Il live è interessante perché esalta la parte visuale, in modo diverso da quanto già espresse nei video di Lettieri. C’è uno stacco notevole dalle storie raccontate nelle canzoni e la realtà del live. La differenza non è un male, anzi: brani come “Me Staje Appennenn’” e “Gaiola Portafortuna” trovano una veste più elettronica, dei beat più spinti e graffianti, che ci martellano per alcuni minuti e sono adatti e si sposano perfettamente con il concetto,con  lo spettacolo.
La durata è di poco più di trenta minuti (o giù di lì): noi sappiamo che la particolarità di assistere ad una discesa di Spiderman o accorrere ad un Bat-richiamo è proprio quella di sentirsi in una condizione di stasi tra il credibile e l’incredibile. Liberato e la sua crew hanno giocato su questo, sull’impensabile che diventa possibile. Ogni cosa, veramente tutto ciò che si ha intorno, svanisce. Almeno fino alla fine di “Tu T’e scurdat’ ‘e me”. Ad accompagnare visivamente tutto lo show di Liberato è il duo Quiet Ensemble che ha messo in scena, con il contributo del light designer Martino Cerati, ANTILIGHT: un’opera che come base ha il concetto di luce che oscura.
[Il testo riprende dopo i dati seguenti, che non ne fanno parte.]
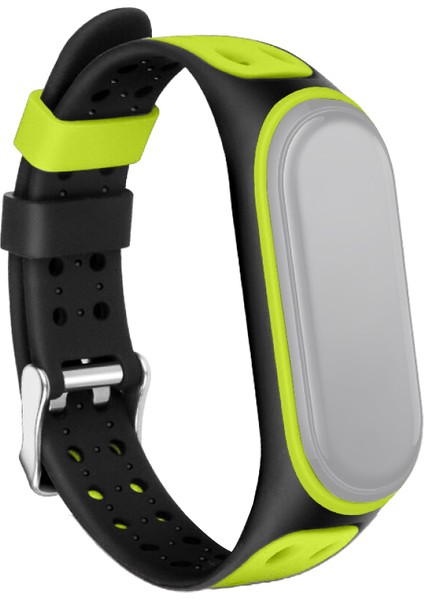 Xiaomi Mi Band 5/6/7 Için Iki Renkli Silikon Saat Bandı Yedek Kayışı - Siyah/yeşil (Yurt Dışından)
La forza è nel concetto dell’esibizione, che viene spiegata bene da una frase di Batman: Nella Terra di Nessuno:“I miti perdono potere se non vengono ripetuti. E se non mi vedono. Non parlano di me”.

Il continuo vedere, non vedere; la luce naturale che scende e un laser che spacca la piazza; il palco che si spegne e un cellulare con un flash che illumina le persone davanti, sono parte di un rito.
Il cappuccio è saldo, come una maschera sulle tre teste sul palco, ma la presenza è innegabile e l’Italia ha finalmente trovato il suo Bruce Wayne.
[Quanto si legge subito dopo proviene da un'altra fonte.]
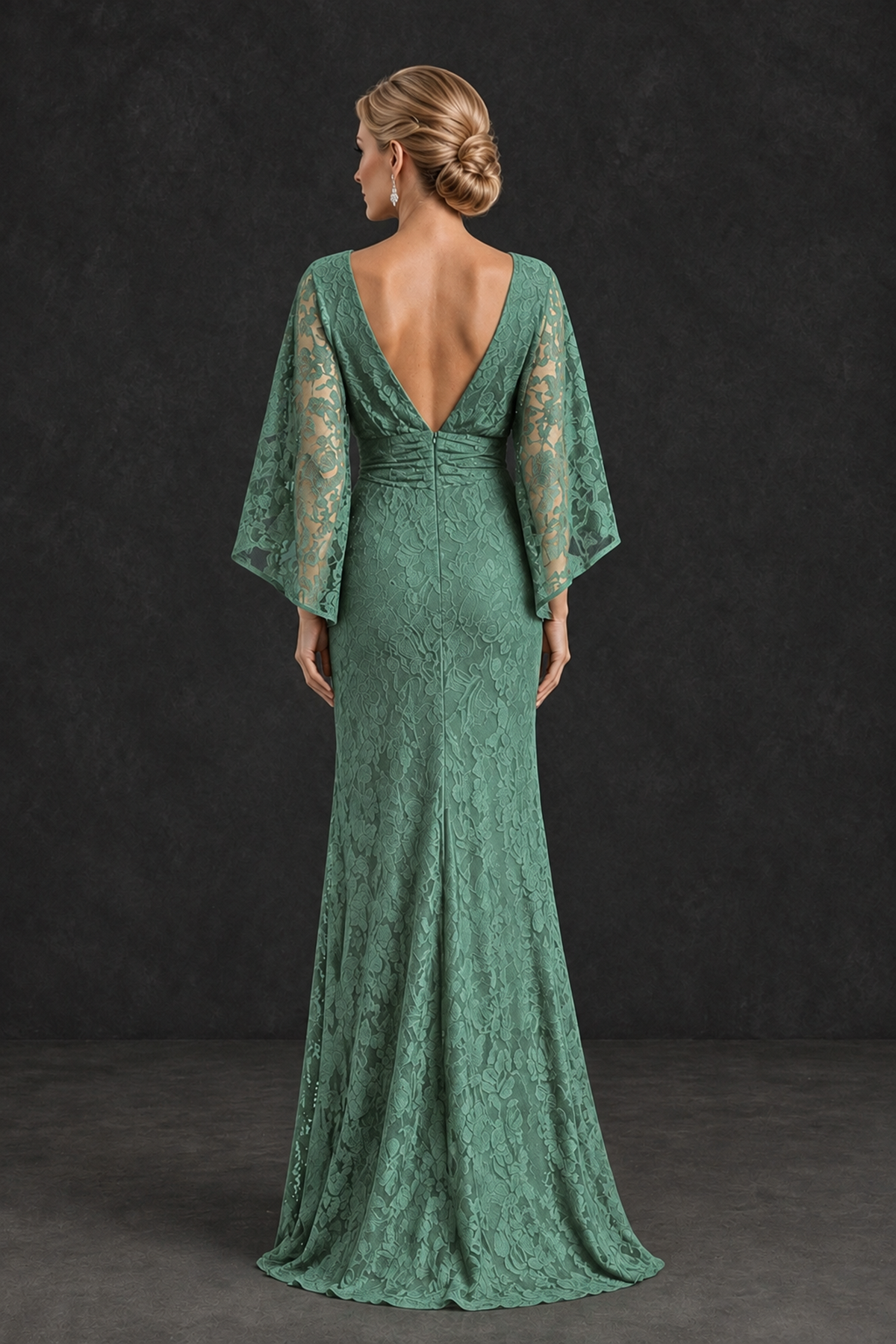 BOLODOO Eucalyptus Lace Flutter Sleeve Mother of the Bride Dress - Eucalyptus - Eucalyptus_2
Milano Liberata gioca sul più antico dei passatempi umani: il trovare contraddizioni, perché alla fine sono proprio quelle che ci ricordiamo. Il contrasto di vedere una Milano che canta Napoli o di vedere un pubblico giovanissimo perpetrare una tradizione millenaria come la canzone napoletana.

L’esibizione possiamo comunque considerarla come un’ottima prova generale per il Sonar (Barcellona) e nonostante qualche piccola incertezza su testi e sulla tenuta ritmica, la Barona è stata veramente liberata e conquistata.

È tutto qui: togliere quel cappuccio a Liberato sarebbe semplicemente eliminare un’antinomia, una ricerca, e allora meglio che tutto rimanga pieno di fumo e con le luci soffuse.
Milano e Napoli si sono toccate, come non mai, e anche oggi Liberato Canta Ancora.